In the book C++ Primer, there is an example about function template overloading:

// print any type we don't otherwise handle
template <typename T> string debug_rep(const T &t)
{
    cout << "debug_rep(T const&)\n";
    ostringstream ret; // see § 8.3 (p. 321)
    ret << t; // uses T's output operator to print a representation of t
    return ret.str(); // return a copy of the string to which ret is bound
}

// print pointers as their pointer value, followed by the object to which the pointer points
// NB: this function will not work properly with char*; see § 16.3 (p. 698)
template <typename T> string debug_rep(T *p)
{
    std::cout << "debug_rep(T*)\n";
    ostringstream ret;
    ret << "pointer: " << p << '\n';         // print the pointer's own value
    if (p)
        ret << " " << debug_rep(*p); // print the value to which p points
    else
        ret << " null pointer";      // or indicate that the p is null
    return ret.str(); // return a copy of the string to which ret is bound
}

If we call debug_rep with a pointer:

cout << debug_rep(&s) << endl;

both functions generate viable instantiations:

• debug_rep(const string* &), which is the instantiation of the first version of debug_rep with T bound to string*

• debug_rep(string*), which is the instantiation of the second version of debug_rep with T bound to string*

The instantiation of the second version of debug_rep is an exact match for this call.

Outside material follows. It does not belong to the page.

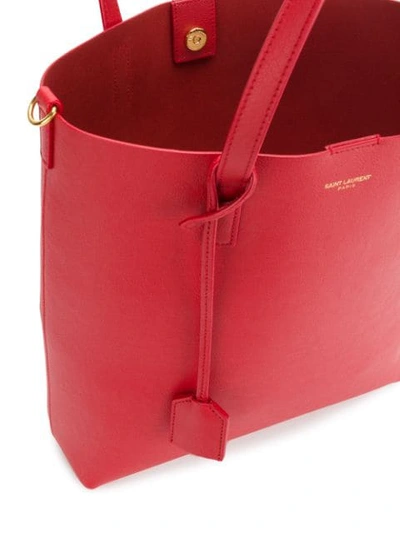 Shop Saint Laurent Shopping Tote In Red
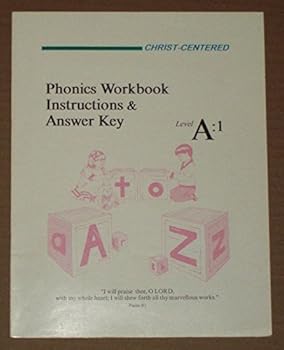 Paperback Phonics Workbook Instructions & Answer Key Level A:1 (Christ-Centered) Book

The instantiation of the first version requires a conversion of the plain pointer to a pointer to const. Normal function matching says we should prefer the second template, and indeed that is the one that is run.

But if I declare the pointer to string as const although there's no conversion the second version is always chosen:

    string const s("hi"); // const
    cout << debug_rep(&s) << '\n';

So I think it is a mistake in the book and I think because the version takes a pointer is preferred because we pass a pointer being const or not (T will be deduced as std::string const* or std::string*).

What do you think?

Answer 1

The book is wrong.

In the first example, the instantiation generated is not debug_rep(const string* &), it is debug_rep(string* const&). That is, const qualifies the pointer, not the thing pointed to. (This would be more obvious if the book used right const; that is, template <typename T> string debug_rep(T const& t) for the first function template.)

Indeed, T and T const& have equal priority as function template overloads; where they form an overload set it will be ambiguous. The reason T* is chosen over T const& is that it is more specialized; simply put, an arbitrary T* can be passed to a function taking T const&, while an arbitrary T const& cannot be passed to a function taking T*.